EXCERPTED DATA
== Segment start ==
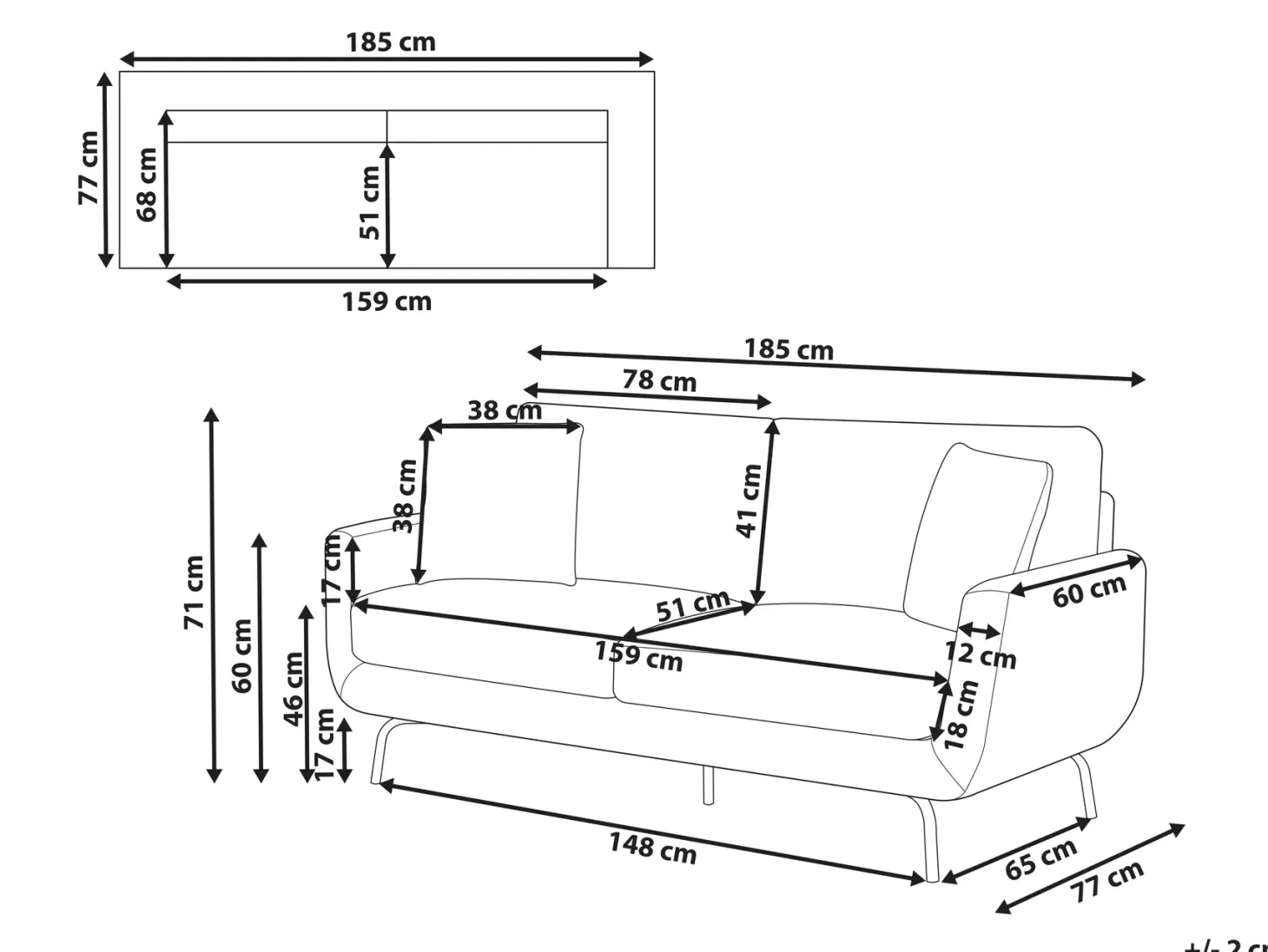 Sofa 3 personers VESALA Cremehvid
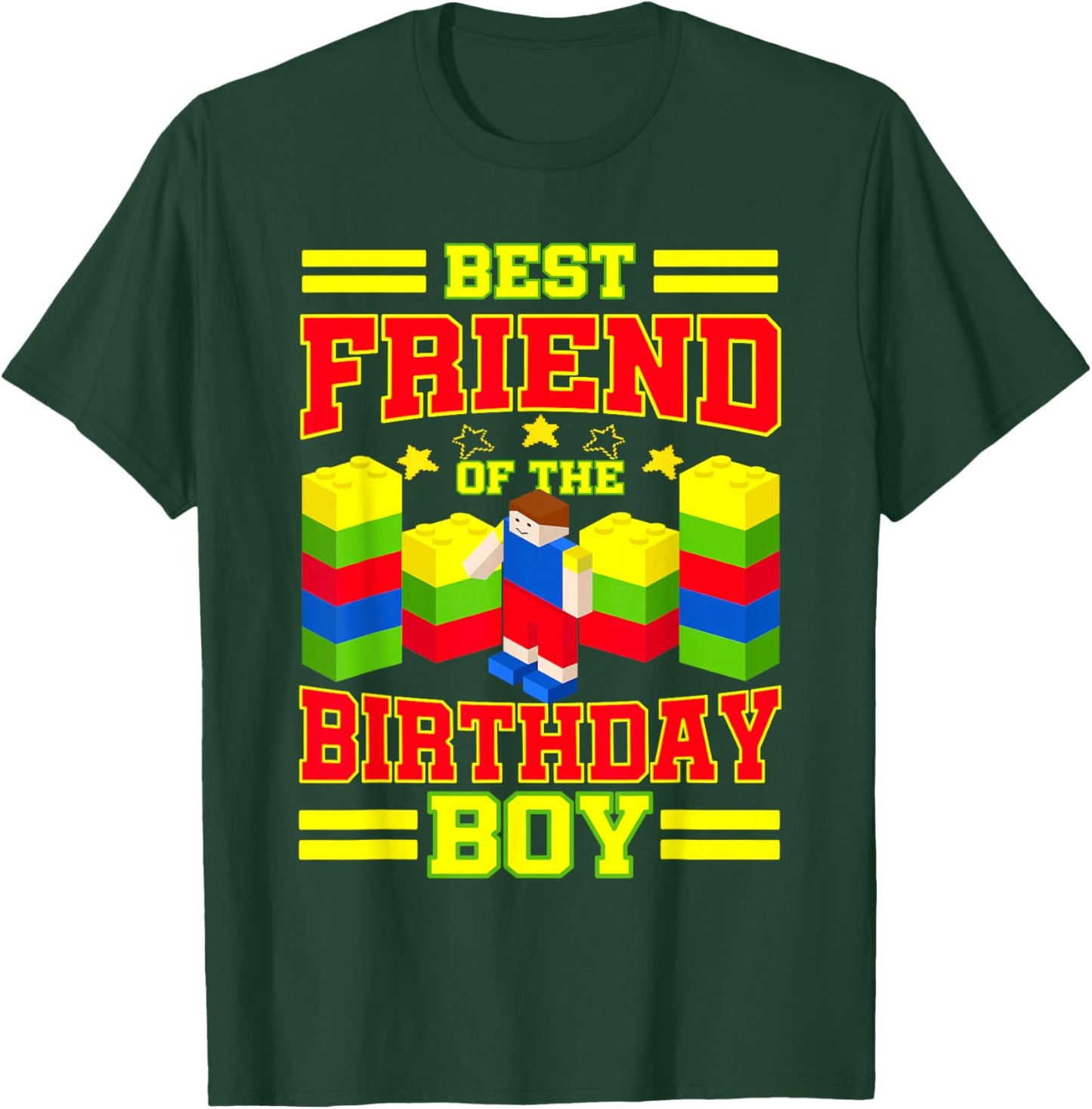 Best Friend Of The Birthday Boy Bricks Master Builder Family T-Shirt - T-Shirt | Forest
== Segment end ==
== Segment start ==
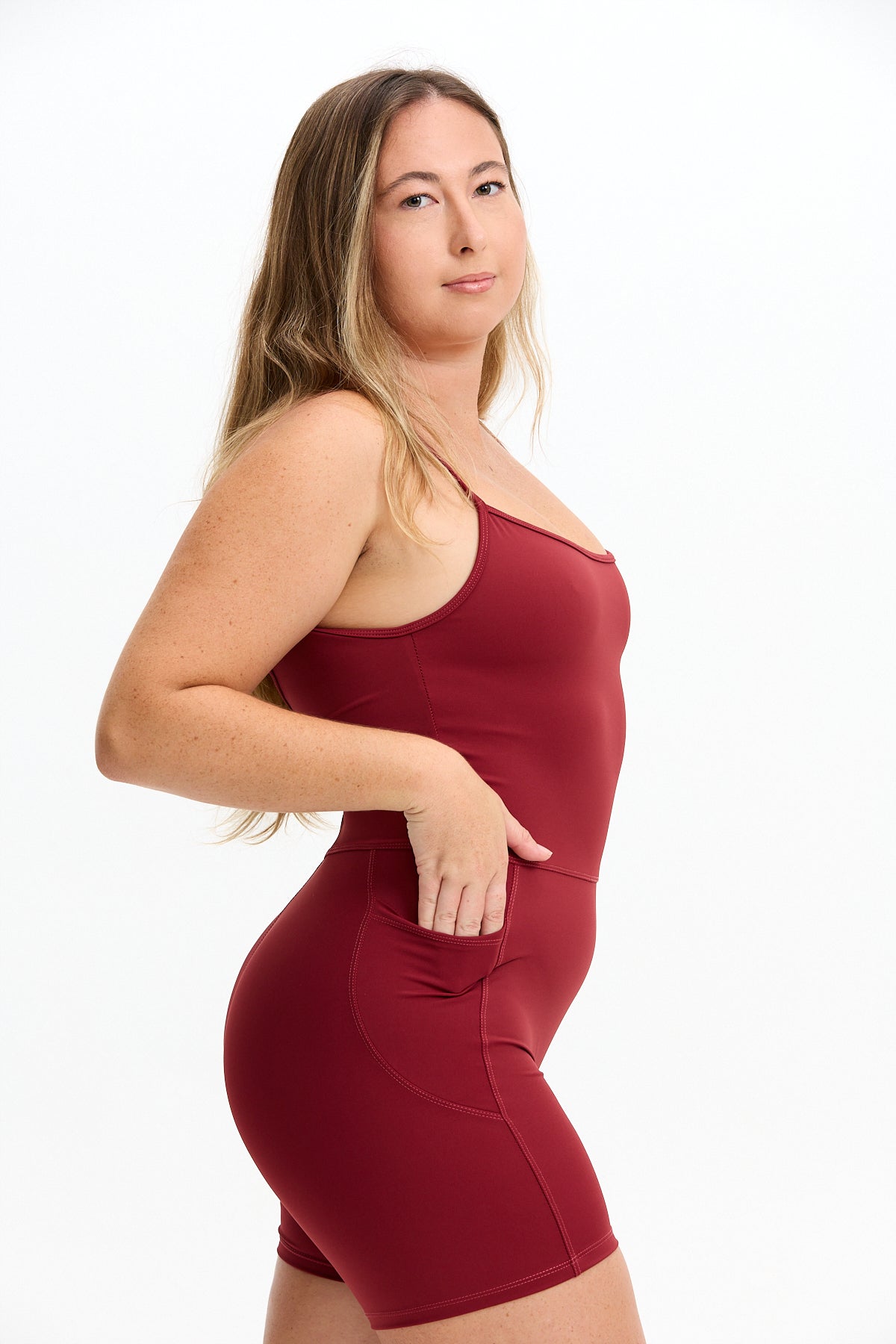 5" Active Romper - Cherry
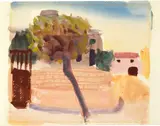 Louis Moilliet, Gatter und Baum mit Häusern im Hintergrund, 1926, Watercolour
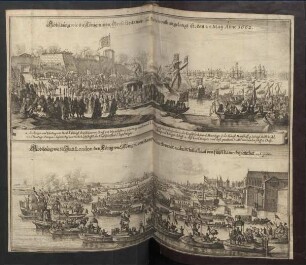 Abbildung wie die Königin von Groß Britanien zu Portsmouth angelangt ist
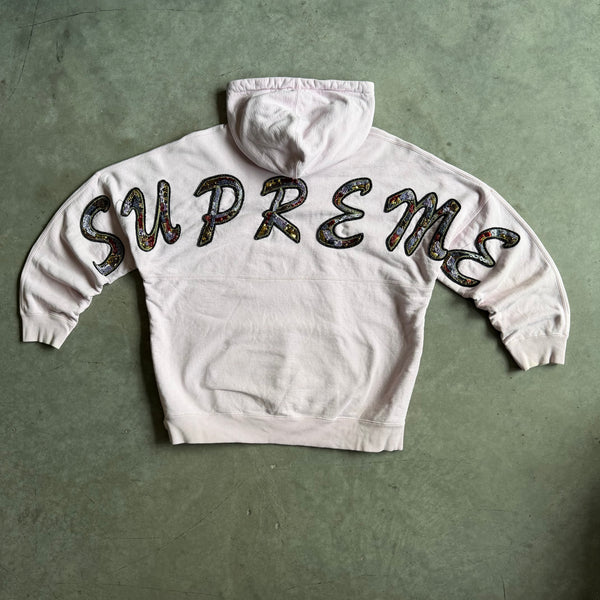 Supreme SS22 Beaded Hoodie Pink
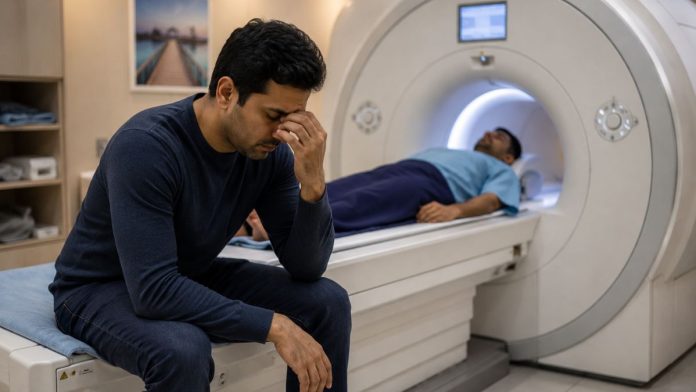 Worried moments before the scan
== Segment end ==
== Segment start ==
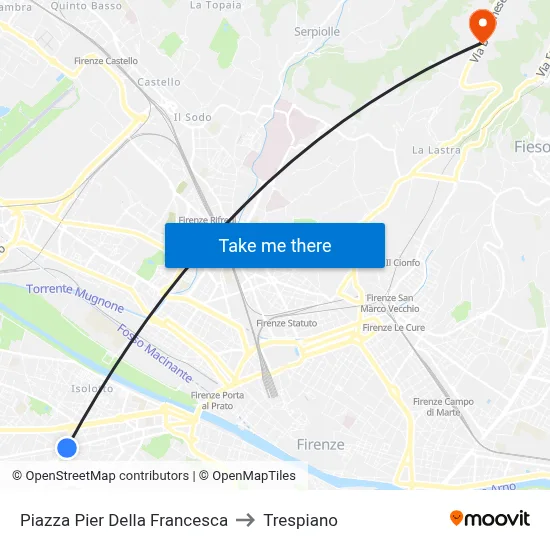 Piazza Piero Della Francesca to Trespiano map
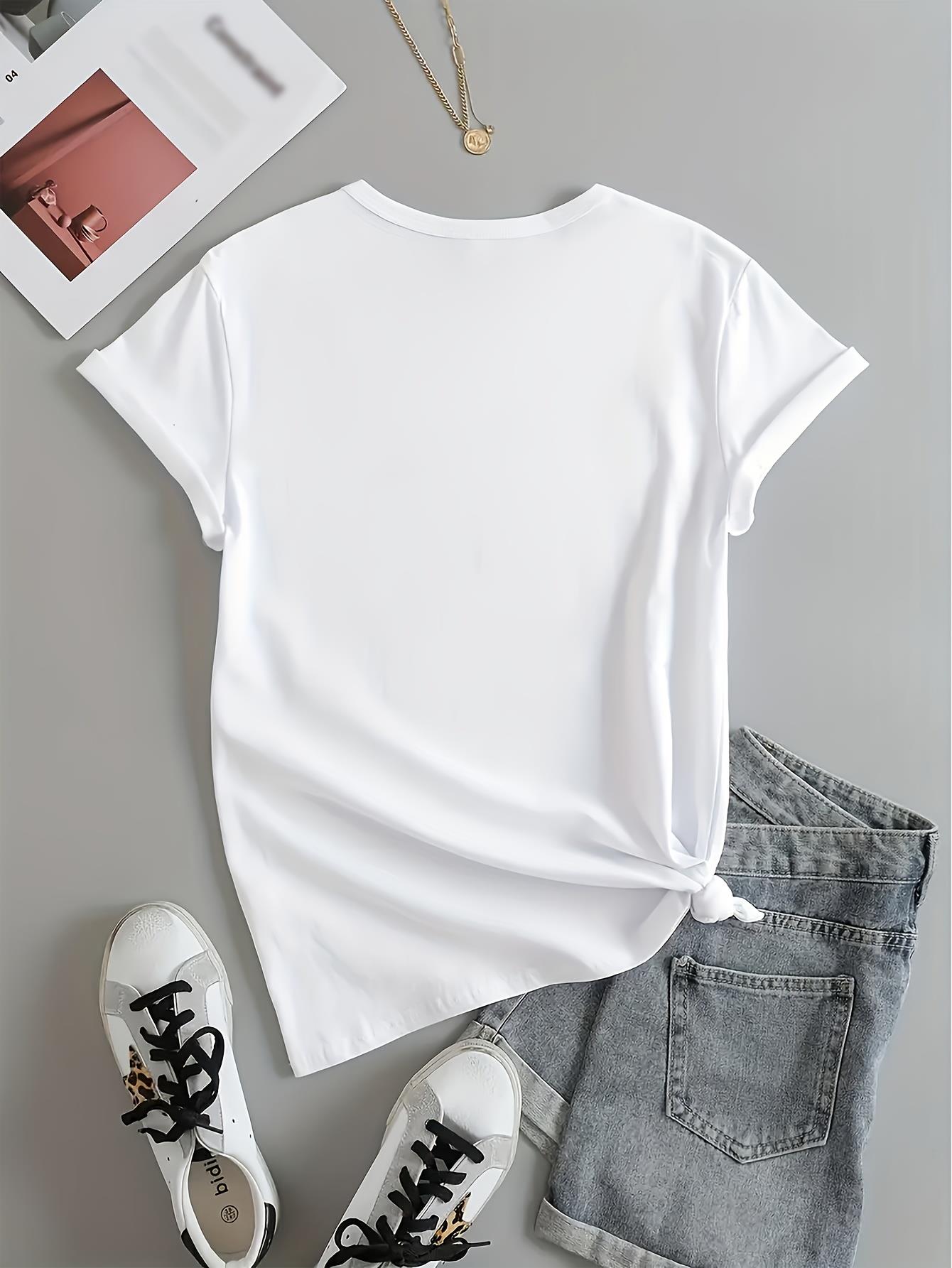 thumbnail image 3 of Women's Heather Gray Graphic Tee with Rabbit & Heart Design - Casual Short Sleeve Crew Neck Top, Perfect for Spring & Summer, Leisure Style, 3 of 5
== Segment end ==
PROMPT
Among the entries above, find the line with "Abbildung wie die" and repeat exactly from there through the line with "Worried moments before the scan", leaving out the pictures.

SOLUTION TO THIS PROBLEM
 Abbildung wie die Königin von Groß Britanien zu Portsmouth angelangt ist
 Supreme SS22 Beaded Hoodie Pink
 Worried moments before the scan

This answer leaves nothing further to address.